BMJ open. 2022;12(12):e056689
Abstract
INTRODUCTION Recent studies in animal models indicate that recombinant human erythropoietin (rHuEPO) is very effective in enhancing neurological recovery after spinal cord injury (SCI). We described a protocol aimed at evaluating the efficacy of rHuEPO plus methylprednisolone (MP) compared with MP alone in improving neurological function of patients with SCI in randomised controlled trials (RCTs). METHODS AND ANALYSIS This study aims to explore the effect of rHuEPO combined with MP on neurological function in patients with SCI through a meta-analysis.

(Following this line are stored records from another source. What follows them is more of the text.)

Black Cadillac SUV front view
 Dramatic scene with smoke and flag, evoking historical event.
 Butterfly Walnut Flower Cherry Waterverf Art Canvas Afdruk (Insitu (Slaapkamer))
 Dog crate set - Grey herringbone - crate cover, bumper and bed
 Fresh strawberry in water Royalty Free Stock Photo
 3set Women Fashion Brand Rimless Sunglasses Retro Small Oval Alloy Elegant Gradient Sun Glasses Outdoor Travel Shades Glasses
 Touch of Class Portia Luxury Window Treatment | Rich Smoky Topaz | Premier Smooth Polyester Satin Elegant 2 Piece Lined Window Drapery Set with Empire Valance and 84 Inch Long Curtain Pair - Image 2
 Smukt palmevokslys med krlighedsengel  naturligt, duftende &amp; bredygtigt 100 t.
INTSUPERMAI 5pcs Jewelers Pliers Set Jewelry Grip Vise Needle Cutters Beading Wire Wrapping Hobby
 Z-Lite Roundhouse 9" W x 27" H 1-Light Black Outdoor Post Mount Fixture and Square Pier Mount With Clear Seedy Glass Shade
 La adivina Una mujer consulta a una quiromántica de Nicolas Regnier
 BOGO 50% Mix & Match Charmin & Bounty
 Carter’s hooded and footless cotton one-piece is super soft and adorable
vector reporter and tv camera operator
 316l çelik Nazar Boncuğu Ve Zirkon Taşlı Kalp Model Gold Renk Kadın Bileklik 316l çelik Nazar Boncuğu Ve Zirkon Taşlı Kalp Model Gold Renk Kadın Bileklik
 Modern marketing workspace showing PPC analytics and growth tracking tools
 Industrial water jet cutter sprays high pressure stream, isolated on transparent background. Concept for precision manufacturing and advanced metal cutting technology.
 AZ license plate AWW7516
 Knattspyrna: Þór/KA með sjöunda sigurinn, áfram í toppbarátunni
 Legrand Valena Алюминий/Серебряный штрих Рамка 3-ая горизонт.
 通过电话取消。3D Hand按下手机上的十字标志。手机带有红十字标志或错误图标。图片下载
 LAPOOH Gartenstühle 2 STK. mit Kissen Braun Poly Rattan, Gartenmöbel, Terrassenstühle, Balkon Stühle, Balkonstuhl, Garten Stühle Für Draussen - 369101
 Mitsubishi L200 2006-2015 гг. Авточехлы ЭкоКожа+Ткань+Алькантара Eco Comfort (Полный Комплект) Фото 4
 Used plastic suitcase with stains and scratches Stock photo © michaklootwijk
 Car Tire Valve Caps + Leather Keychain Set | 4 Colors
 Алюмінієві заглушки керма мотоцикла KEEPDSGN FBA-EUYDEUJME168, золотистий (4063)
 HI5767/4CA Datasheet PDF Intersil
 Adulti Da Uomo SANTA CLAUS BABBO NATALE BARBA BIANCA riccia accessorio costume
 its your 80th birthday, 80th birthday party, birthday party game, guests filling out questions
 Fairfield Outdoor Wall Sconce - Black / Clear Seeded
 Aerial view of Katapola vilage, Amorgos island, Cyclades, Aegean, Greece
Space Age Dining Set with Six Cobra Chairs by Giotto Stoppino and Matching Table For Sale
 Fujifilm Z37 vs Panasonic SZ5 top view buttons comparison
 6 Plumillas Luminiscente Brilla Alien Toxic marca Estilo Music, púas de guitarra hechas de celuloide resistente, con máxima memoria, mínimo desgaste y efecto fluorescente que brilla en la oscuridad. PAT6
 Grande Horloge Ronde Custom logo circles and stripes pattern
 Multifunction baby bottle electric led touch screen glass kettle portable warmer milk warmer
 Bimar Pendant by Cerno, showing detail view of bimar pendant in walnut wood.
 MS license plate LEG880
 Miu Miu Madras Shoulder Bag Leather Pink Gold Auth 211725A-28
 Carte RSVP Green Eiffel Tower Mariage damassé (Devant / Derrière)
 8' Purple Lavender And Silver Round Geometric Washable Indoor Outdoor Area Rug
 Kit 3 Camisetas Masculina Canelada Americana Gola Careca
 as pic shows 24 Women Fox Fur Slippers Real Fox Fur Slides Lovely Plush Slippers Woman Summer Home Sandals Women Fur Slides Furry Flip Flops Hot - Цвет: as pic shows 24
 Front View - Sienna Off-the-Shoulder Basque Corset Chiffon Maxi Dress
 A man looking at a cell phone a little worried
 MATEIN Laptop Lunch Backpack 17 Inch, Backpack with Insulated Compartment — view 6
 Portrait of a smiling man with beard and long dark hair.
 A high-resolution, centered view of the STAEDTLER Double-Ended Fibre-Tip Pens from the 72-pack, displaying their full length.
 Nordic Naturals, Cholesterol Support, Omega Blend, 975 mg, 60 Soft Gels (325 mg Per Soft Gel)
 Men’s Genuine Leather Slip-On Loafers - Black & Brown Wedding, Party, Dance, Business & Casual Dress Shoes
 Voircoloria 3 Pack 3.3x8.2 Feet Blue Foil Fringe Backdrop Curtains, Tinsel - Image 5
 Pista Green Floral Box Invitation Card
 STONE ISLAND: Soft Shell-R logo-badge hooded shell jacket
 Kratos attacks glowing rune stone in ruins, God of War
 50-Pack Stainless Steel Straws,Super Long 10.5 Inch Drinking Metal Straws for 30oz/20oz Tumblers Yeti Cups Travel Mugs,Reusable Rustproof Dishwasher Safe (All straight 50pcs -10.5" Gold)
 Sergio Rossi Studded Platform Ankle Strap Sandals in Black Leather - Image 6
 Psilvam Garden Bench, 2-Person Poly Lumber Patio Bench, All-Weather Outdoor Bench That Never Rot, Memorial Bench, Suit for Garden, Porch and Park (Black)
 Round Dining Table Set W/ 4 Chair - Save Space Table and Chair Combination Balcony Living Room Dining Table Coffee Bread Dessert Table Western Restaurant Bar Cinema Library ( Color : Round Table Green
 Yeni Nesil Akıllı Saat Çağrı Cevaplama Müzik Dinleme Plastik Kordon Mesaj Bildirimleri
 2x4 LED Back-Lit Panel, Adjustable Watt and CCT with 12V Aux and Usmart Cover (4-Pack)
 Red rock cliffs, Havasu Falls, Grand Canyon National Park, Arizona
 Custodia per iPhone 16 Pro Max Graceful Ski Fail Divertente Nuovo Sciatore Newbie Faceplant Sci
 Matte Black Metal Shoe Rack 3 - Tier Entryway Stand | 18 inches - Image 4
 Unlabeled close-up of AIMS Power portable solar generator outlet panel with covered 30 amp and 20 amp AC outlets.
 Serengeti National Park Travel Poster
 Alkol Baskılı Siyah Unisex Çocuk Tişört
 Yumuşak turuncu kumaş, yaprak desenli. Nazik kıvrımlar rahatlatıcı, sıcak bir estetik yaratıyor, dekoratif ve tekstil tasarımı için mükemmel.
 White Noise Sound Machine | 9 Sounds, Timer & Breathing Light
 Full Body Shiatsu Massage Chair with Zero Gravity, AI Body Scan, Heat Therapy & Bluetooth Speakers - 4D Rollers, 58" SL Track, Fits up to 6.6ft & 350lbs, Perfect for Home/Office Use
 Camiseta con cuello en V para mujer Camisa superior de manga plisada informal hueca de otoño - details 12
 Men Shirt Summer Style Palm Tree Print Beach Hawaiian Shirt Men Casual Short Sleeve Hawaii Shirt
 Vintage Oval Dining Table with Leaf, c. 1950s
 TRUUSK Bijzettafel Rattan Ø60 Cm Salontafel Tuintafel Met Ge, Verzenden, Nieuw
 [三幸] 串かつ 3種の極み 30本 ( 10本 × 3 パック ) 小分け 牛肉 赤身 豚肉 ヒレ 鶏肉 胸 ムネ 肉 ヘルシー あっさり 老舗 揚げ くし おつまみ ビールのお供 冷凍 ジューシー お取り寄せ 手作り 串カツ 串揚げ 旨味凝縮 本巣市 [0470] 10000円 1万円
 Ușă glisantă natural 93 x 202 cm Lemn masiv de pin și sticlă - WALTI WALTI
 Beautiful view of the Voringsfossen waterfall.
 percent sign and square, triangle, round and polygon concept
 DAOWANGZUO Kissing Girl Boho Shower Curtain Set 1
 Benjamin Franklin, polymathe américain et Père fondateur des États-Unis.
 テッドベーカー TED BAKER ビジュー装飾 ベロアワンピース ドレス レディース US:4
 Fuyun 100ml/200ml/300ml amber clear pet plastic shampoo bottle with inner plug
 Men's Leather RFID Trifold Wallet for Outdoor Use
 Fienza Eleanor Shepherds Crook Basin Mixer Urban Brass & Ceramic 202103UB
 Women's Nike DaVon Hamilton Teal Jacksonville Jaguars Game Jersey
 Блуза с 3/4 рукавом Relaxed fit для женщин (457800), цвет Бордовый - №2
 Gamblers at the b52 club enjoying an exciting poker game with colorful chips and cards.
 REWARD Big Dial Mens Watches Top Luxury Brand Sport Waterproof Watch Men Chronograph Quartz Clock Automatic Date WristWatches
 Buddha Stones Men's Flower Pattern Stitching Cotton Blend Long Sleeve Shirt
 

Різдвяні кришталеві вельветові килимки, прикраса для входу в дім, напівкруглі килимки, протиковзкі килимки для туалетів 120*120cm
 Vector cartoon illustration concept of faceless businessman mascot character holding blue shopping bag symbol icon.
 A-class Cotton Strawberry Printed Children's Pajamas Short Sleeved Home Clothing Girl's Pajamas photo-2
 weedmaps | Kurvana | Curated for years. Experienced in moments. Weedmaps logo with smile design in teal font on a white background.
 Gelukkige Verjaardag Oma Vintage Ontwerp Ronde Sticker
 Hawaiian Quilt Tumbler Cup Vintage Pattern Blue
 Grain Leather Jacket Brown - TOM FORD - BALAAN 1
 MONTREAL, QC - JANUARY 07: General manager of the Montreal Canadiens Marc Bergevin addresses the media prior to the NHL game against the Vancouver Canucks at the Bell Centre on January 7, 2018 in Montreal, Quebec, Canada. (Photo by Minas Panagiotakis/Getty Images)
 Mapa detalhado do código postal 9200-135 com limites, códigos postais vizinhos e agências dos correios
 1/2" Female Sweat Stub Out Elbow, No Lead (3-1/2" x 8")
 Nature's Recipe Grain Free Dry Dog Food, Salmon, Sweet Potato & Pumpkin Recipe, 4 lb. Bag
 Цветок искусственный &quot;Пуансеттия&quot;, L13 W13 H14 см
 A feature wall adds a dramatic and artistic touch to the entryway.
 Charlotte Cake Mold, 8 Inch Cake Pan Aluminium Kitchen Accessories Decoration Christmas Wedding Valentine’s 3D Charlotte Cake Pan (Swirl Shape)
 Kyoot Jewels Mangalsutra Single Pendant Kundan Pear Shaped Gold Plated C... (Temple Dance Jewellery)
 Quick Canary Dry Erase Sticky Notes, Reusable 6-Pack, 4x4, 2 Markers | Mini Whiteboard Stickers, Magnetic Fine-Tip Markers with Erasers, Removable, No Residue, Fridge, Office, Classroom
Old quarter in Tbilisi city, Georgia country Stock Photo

To this end, the authors will search eight research databases for data retrieval: MEDLINE, China National Knowledge Infrastructure, Wan Fang, China Biology Medicine dis, Web of Science, PubMed, Cochrane and Embase for RCTs on SCI in any language. The primary outcome will be the American Spinal Injury Association score at the time of follow-up. The secondary outcomes will be the WHOQOL-100 instrument score, neurophysiological state and related factors. Two authors will independently search literature records, scan titles, abstracts and full texts, collect data, and assess materials for risk of bias. Stata V.14.0 will be used for statistical analysis. ETHICS AND DISSEMINATION This research is exempt from ethics approval because the work is carried out on published documents. We will disseminate this protocol in scientific conferences and a peer-reviewed journal. PROSPERO REGISTRATION NUMBER CRD42021260688.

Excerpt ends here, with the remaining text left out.